Task details
All lines from the entries below that contain the string "show" should be copied out.

[Items from a dataset]
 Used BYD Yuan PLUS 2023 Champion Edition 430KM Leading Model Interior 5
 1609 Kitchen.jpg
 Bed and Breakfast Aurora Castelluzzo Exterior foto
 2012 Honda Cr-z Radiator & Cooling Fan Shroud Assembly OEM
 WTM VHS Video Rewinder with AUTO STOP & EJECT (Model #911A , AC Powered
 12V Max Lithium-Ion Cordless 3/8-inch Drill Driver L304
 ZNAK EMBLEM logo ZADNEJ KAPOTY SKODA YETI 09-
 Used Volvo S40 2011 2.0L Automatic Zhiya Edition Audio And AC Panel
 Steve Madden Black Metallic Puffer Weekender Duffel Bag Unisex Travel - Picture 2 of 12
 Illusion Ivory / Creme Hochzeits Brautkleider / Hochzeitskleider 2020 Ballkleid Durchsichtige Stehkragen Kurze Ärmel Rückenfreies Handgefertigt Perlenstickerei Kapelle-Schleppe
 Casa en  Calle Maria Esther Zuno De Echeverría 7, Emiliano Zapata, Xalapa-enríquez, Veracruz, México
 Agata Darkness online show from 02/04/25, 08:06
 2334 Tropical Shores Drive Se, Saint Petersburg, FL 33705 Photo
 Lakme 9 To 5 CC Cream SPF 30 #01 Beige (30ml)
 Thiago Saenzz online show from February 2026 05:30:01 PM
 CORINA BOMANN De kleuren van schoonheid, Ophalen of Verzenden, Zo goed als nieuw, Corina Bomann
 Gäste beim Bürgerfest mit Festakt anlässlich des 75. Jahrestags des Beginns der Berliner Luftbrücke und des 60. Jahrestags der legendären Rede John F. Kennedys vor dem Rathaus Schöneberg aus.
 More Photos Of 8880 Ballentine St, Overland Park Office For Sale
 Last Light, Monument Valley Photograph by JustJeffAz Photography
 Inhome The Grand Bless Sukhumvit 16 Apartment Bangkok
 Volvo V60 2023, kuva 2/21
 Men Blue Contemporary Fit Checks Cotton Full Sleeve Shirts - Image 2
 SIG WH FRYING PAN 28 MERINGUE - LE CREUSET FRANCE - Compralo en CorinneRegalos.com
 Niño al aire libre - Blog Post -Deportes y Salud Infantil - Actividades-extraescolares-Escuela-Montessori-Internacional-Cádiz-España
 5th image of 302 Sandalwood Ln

Written response
 Agata Darkness online show from 02/04/25, 08:06
 Thiago Saenzz online show from February 2026 05:30:01 PM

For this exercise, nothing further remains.